By CHRIS V PANGANIBAN
DOHA: Newspapers in Qatar can still survive up to 12 more years, but it won’t be that long in the more advanced countries like the US with only five more years and UK and Australia with nine to 10 more years to go as a result of the fast developing Internet.
Dr Jeffrey Cole (pictured), Director of the Center for Digital Future and expert on the use of Internet and broadband technology, made this fearless forecast in his talk on “Surveying the Digital Future: What Everyone Needs To Know About the Internet” at the W Hotel which is sponsored by Northwestern University in Qatar.
Cole now even sees the extinction of the printed news material faster than what he even thought when he told newspaper experts in the US about it 11 years ago that it could still stay up to 30 more years.
“I have told editors before in a big gathering that every time a newspaper reader dies, a new reader will not be replaced,” Cole said.
However Cole said some newspapers like the popular New York Times would survive and become global news brands because, even among teens who did not read newspapers will still patronise online news.
And as more people would crave for the digital news forms, Cole sees the iPad would prevail as a very popular tablet device and he said the advent of such gadget leads to the critical development for newspapers.
“If newspapers would go from paper to online through the tablet, they would win.

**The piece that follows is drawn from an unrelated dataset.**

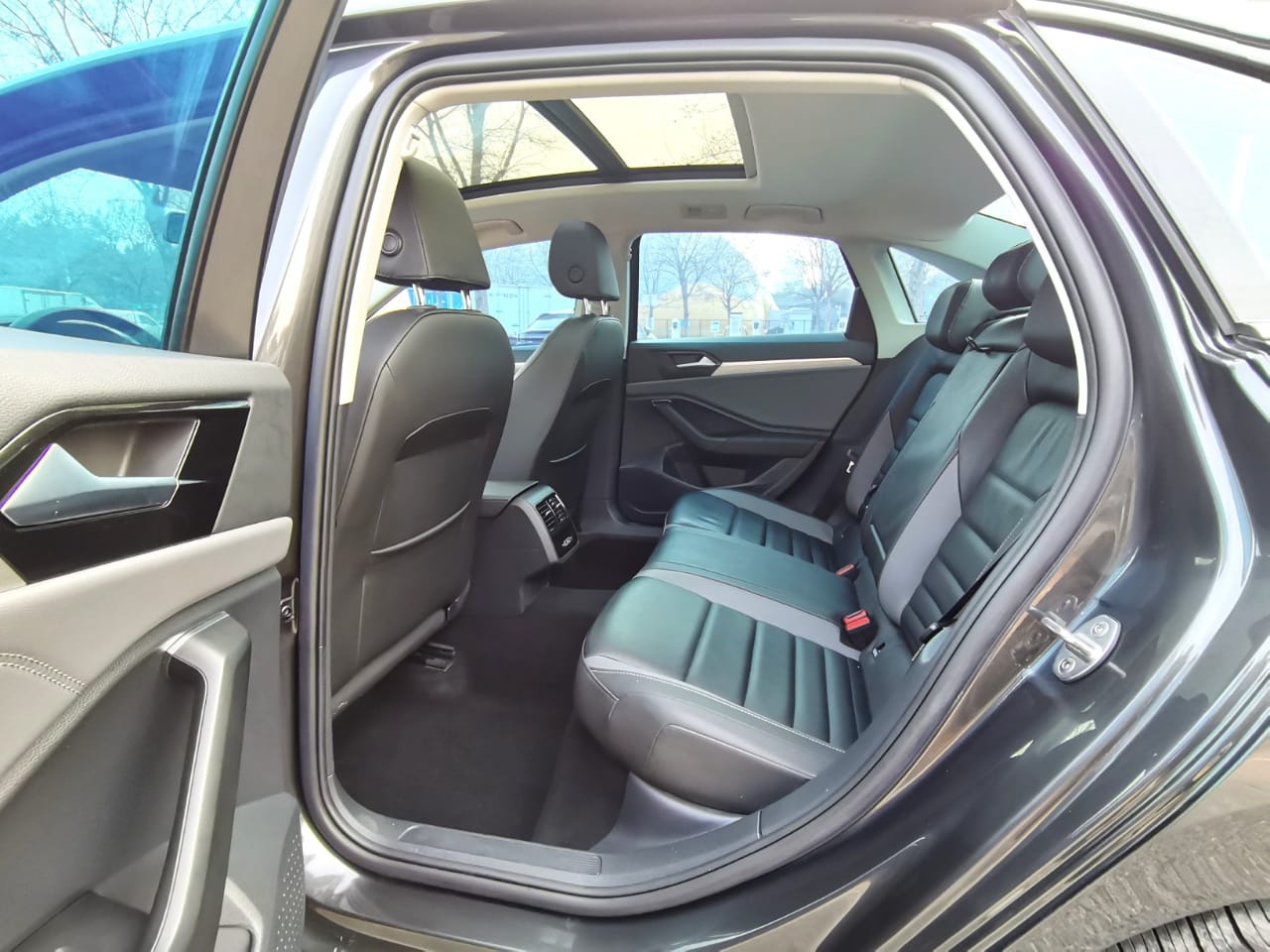 Volkswagen Sagitar 280TSI DSG Oversight Edition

And they could win more readers if they turn their news materials into interactive,” Cole said.
Newspaper owners, however, need not to worry because consumers would ultimately pay for content of the online version of newspapers and magazines.
“We’re seeing iPads, we think, ultimately replacing the second screen (of the PC),” Dr Cole said. “Newspapers and magazines were never going to prosper on the PC because they’re lean-back (media). “I think (the iPad) is the most exciting development in the last 100 years for newspapers,” he said. “It becomes a really viable medium.”
While newspaper could be already threatened by the digital age, Cole still found TV to survive. “TV is an exception because it’s our constant companion.”
He said that TV can survive because of the new technology when the contents can be accessed to the mobile devices, more and more people would prefer to watch news updates even in small screens.
“TV is moving out of the home nowadays,” he said as he noted there are even more people exposed to the TV in present times.